→ Exercise instructions: Only a slice of the listing below is wanted. Retype the lines from the one containing "Grote waternavel. Fotograaf" through the one containing "Milford Sound - Seal Rock", exactly, both ends included.

→ Available data:
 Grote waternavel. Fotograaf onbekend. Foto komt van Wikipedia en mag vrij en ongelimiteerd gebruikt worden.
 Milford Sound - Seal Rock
...
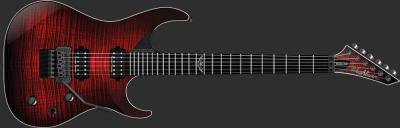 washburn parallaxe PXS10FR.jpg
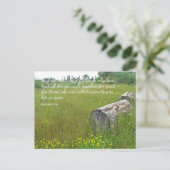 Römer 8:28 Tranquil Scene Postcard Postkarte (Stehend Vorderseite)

→ Solution to this exercise:
 Grote waternavel. Fotograaf onbekend. Foto komt van Wikipedia en mag vrij en ongelimiteerd gebruikt worden.
 Milford Sound - Seal Rock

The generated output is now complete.